Work task —
An exact copy of the data is required, with no pictures in it.

Supplied data —

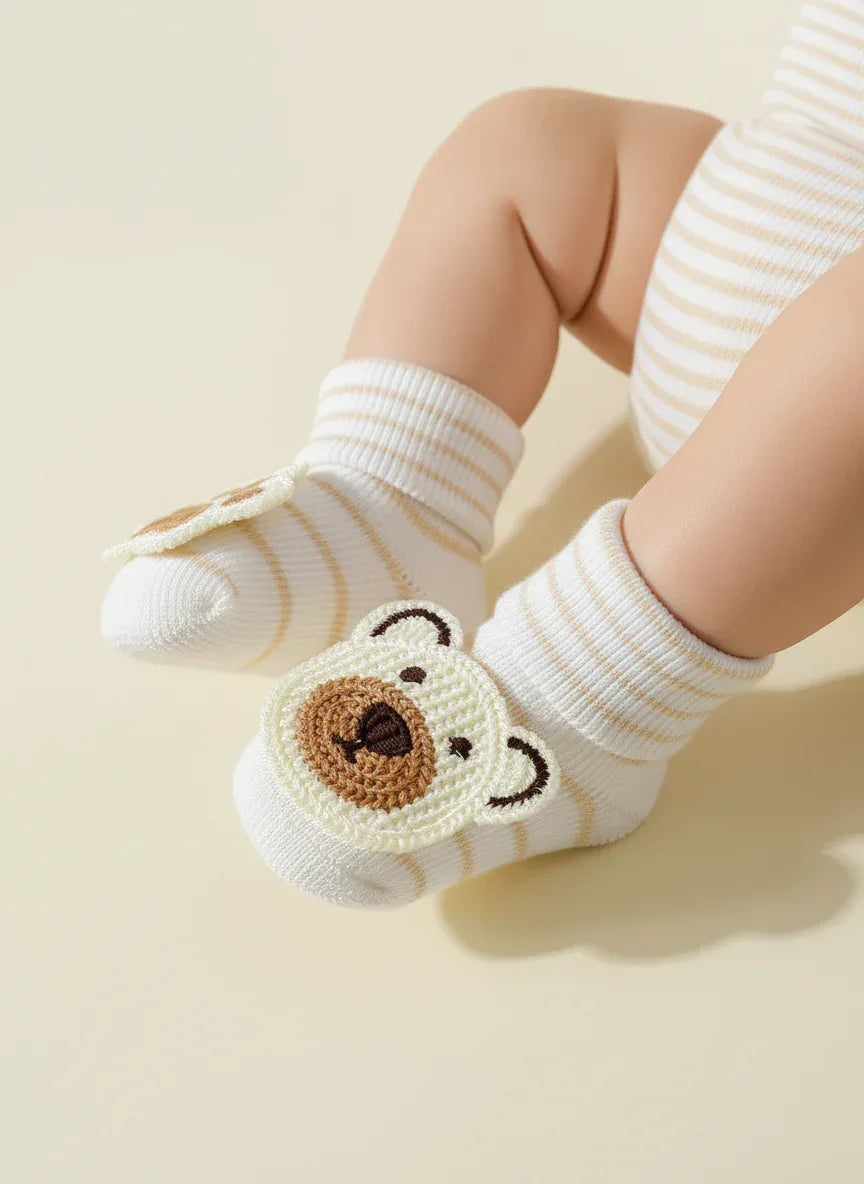 Baby Non-Slip Sock Set – Warm, Safe Steps for Little Feet - LunaKit Baby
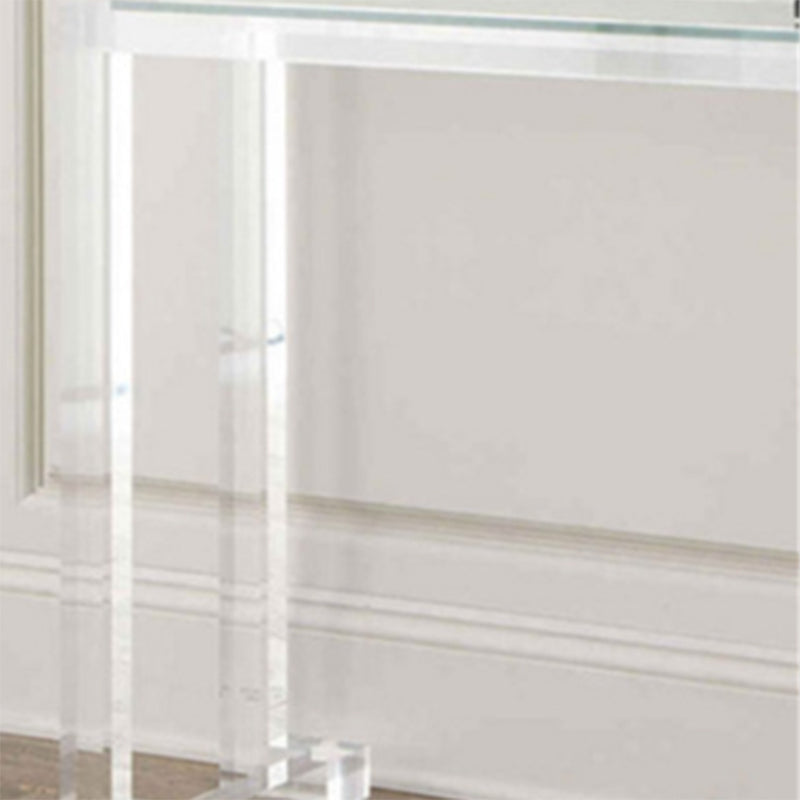 Acrylic Rectangle Accent Table Modern 1-shelf Console Table for Hall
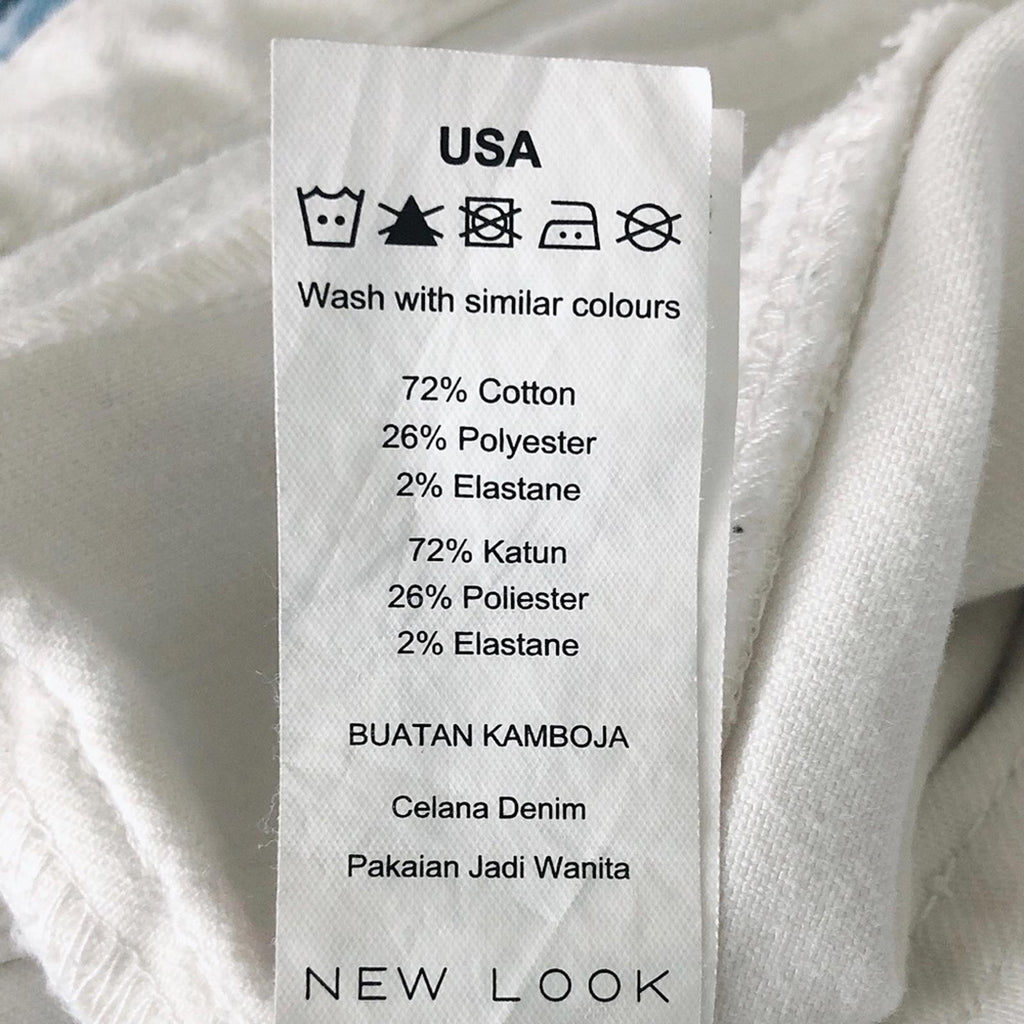New Look High Waist Super Skinny Jeans in White, Size UK18 / US14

Exercise solution —
 Baby Non-Slip Sock Set – Warm, Safe Steps for Little Feet - LunaKit Baby
 Acrylic Rectangle Accent Table Modern 1-shelf Console Table for Hall
New Look High Waist Super Skinny Jeans in White, Size UK18 / US14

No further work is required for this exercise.